In a short article written for the large research and investment firm’s publication of the same name, Morningstar equity analyst Kristoper Inton takes issue with the “hype” surrounding Bitcoin, including claims the “digital asset” has similar properties to gold and could one day eclipse it as the world’s worst-case-scenario hedge of choice.

Bitcoin advocates argue that the coin’s limited (21 million coin) supply, its increasingly widespread adoption and its superior portability, discretion and potential resistance to asset-seizure do in fact make it a competitor to gold.

But an unspecified framework, “created…to grade any asset class’s viability as a safe haven by focusing on liquidity, functional purpose, scarcity of supply, future demand certainty, and permanence,” reportedly tells Inton and Morningstar that gold’s still golden.

That framework also, “shows some value across (Morningstar’s) gold coverage, with Goldcorp standing out as a unique long opportunity,” and Inton believes that Goldcorp stock is now trading, “40% below our fair value estimate.”

As well:

“…(W)e think the market is underestimating Goldcorp’s 20/20/20 growth plan…(which) aims to achieve a 20% gold production increase, a 20% gold reserves increase, and a 20% all-in sustaining cost decrease by 2021.”

Inton says these Gold Corp targets relate to already established “brownfield” mines rather than raw deposits, and thereby make the targets “achievable” by Morningstar estimates.

While some gold stocks have done better of late, according to charts at Trading View, physical gold prices have been flat or declining since 2011, when the precious metal traded at an all-time high of almost $1800 USD an ounce.

Today, physical gold trades at around $1200 USD.

Bitcoin was invented in 2008 and, according to Wikipedia, started trading on the BitcoinMarket.com exchange (now defunct) in March 2010 for less than $0.01 per Bitcoin. Today, it trades at about $6500 USD, down from an all-time high price of almost $20 000 USD hit in December 2017.
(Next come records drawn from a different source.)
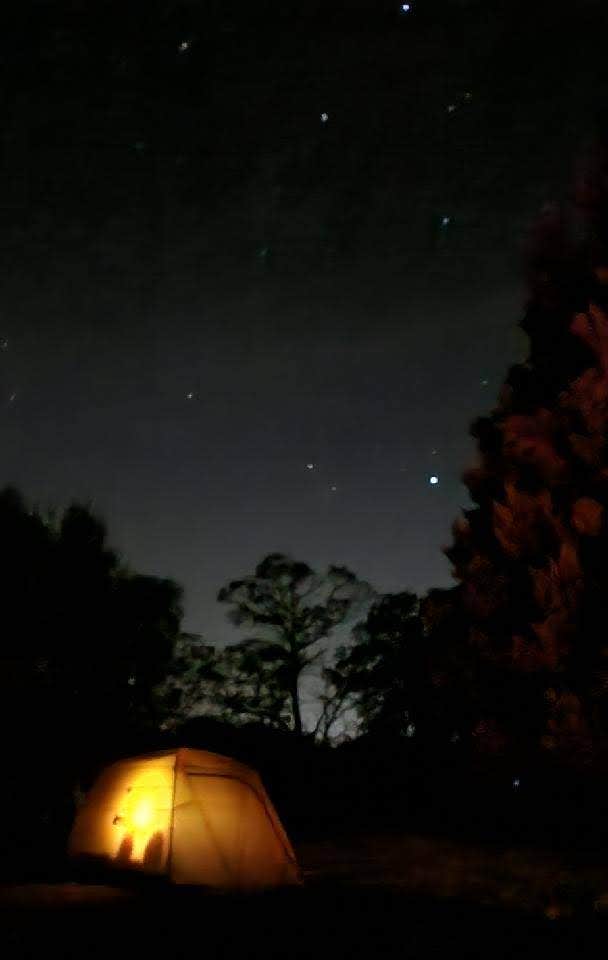 Kathi J.'s photo at Hiwassee Acres near Sale Creek, TN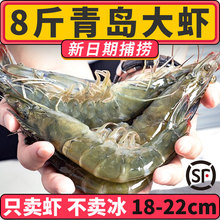 新鲜大虾鲜活青岛特大基围虾冷冻速冻白虾类海虾对虾超大海鲜水产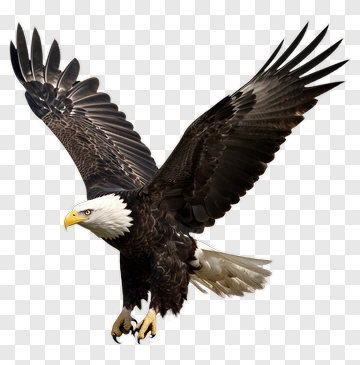 Bald Eagle In Flight PNG
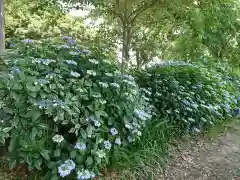 稲荷神社の自然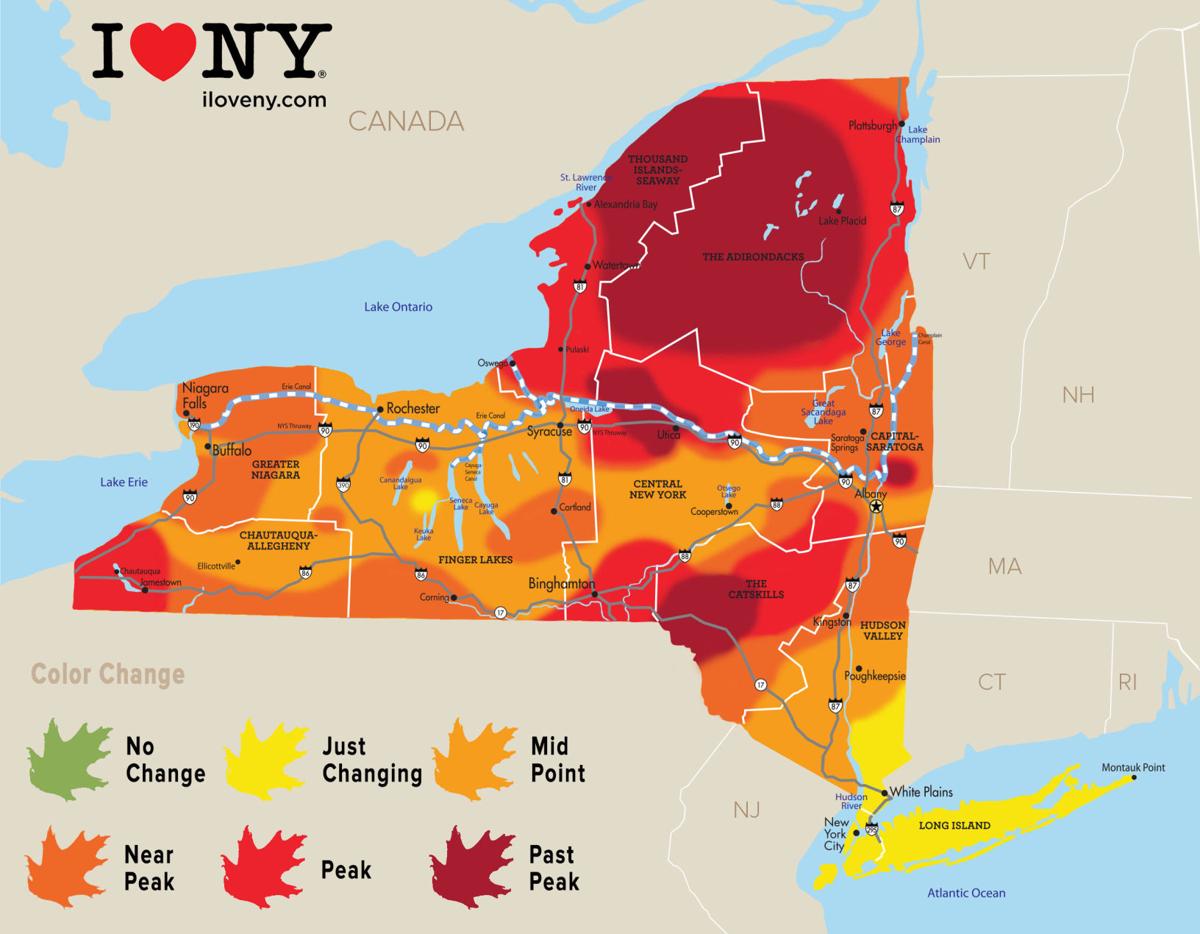 New York state fall foliage report for week of Oct. 17 Local News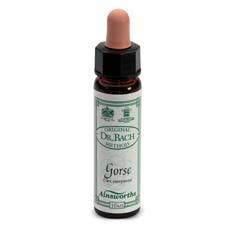 Ainsworths n°29 Star Of Bethlehem Dr. Bach 10 ml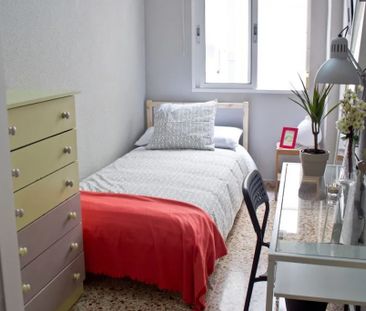 Carrer del Doctor Vicente Pallarés, Valencia, Valencian Community 4... - Photo 3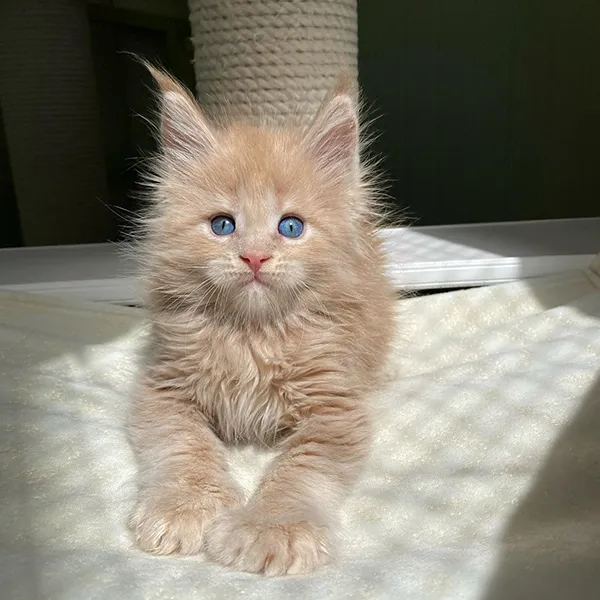 Buy Healthy Maine Coon Kittens for sale near me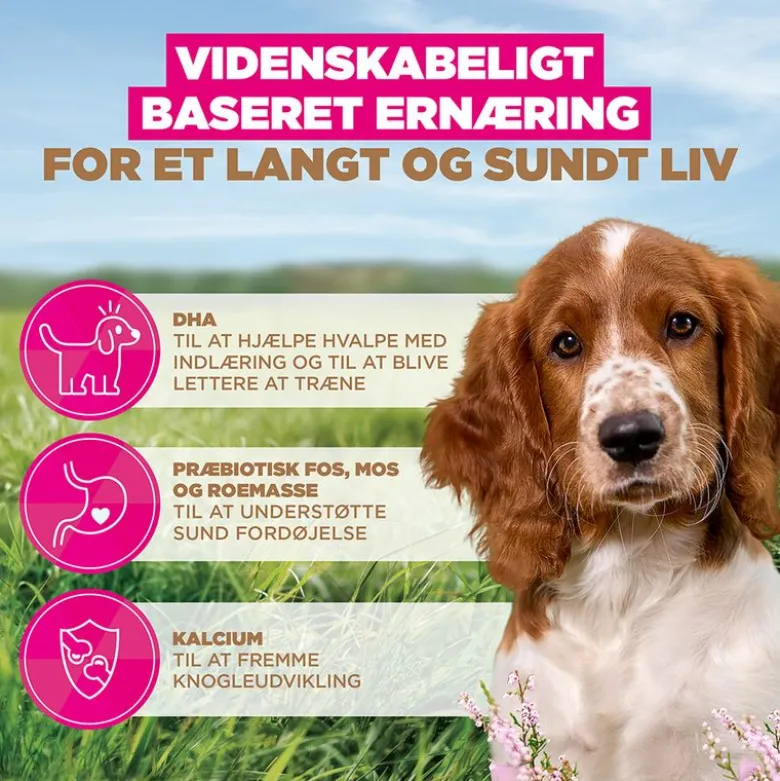 Eukanuba Grain Free Puppy Small & Medium Breed Havfisk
According to a chart from Morgan Stanley, by the end of 2013, close to 50% of Bitcoin trades were conducted in Chinese yuan. That number reached more than 90% at the beginning of 2017 before a Chinese government ban on crypto investing in September 2017 likely crashed that number down to less than 5% by the end of the year.

According to the chart, a majority of fiat Bitcoin trading is now, once again, conducted using USD.